*** EXERCISE DATA Section Begins ***

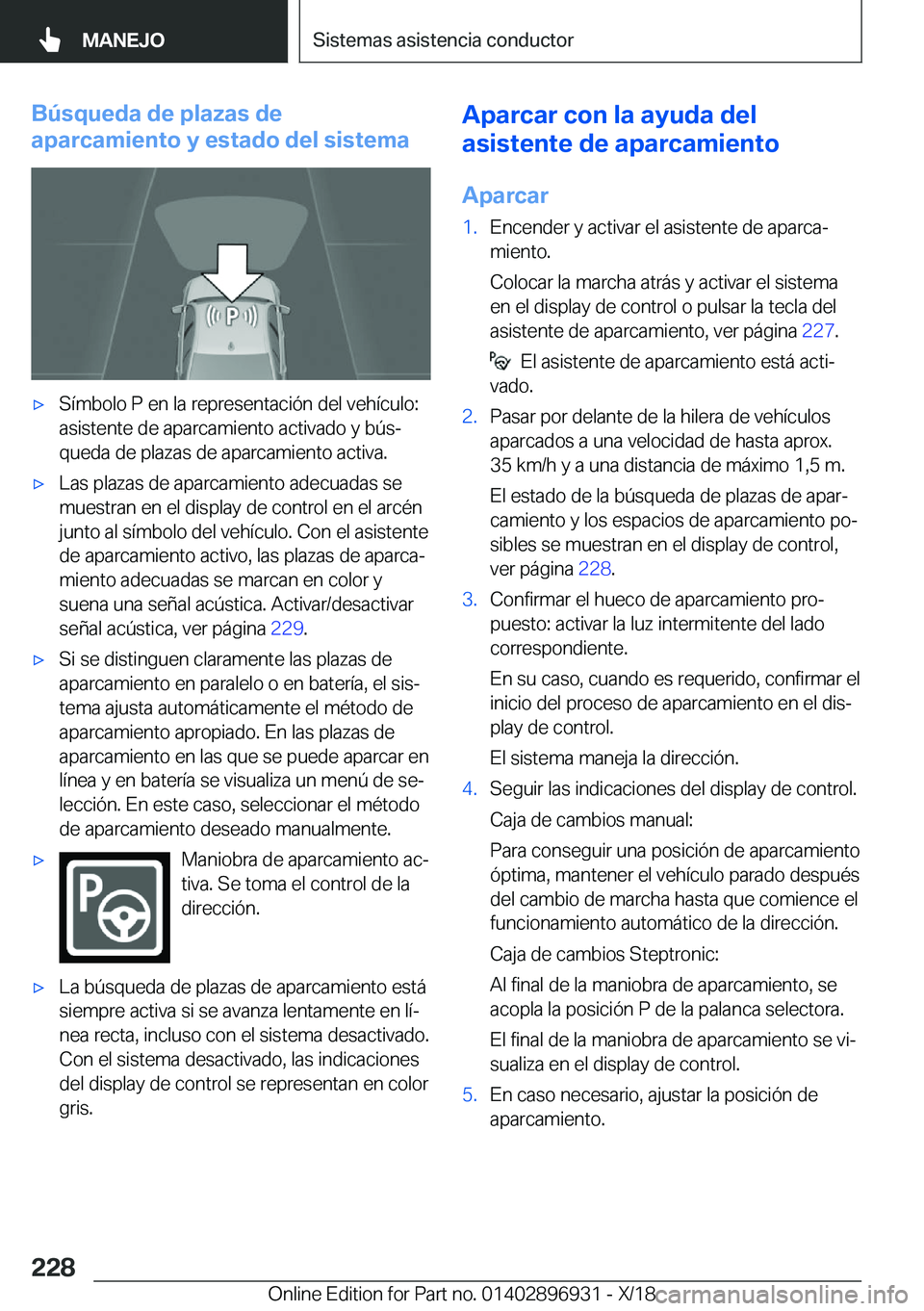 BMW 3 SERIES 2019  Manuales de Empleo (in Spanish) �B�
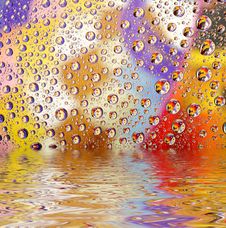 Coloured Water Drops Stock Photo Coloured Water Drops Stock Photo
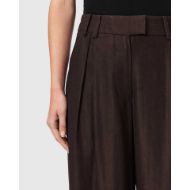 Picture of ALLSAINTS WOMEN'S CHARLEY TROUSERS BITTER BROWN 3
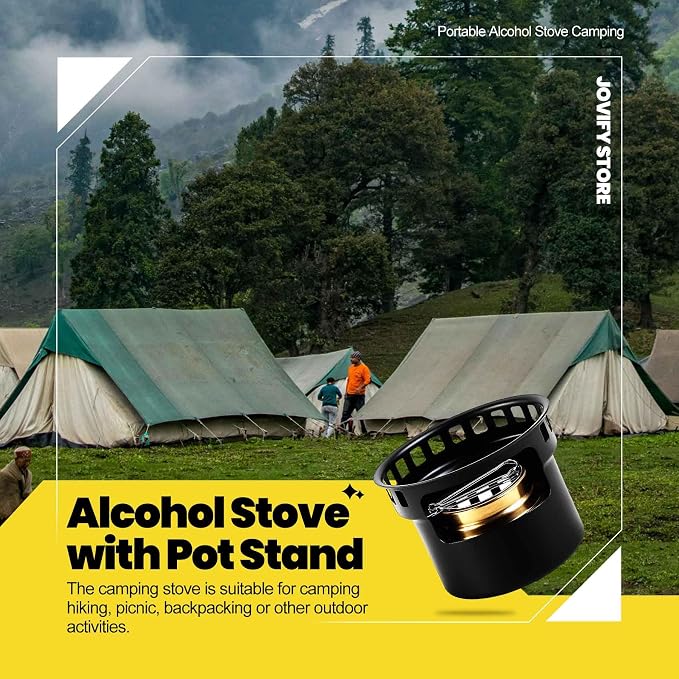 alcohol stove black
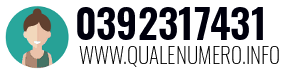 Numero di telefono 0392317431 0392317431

*** EXERCISE DATA Section Ends ***
*** EXERCISE DATA Section Begins ***

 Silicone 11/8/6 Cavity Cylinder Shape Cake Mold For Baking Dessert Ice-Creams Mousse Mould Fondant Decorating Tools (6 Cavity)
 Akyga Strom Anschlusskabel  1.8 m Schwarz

*** EXERCISE DATA Section Ends ***

Your output should be the lines above from the one that contains "Coloured Water Drops Stock Photo Coloured" through the one that contains "Numero di telefono 0392317431 0392317431", word for word, with pictures left out.

**ANSWER:**
 Coloured Water Drops Stock Photo Coloured Water Drops Stock Photo
 Picture of ALLSAINTS WOMEN'S CHARLEY TROUSERS BITTER BROWN 3
 alcohol stove black
 Numero di telefono 0392317431 0392317431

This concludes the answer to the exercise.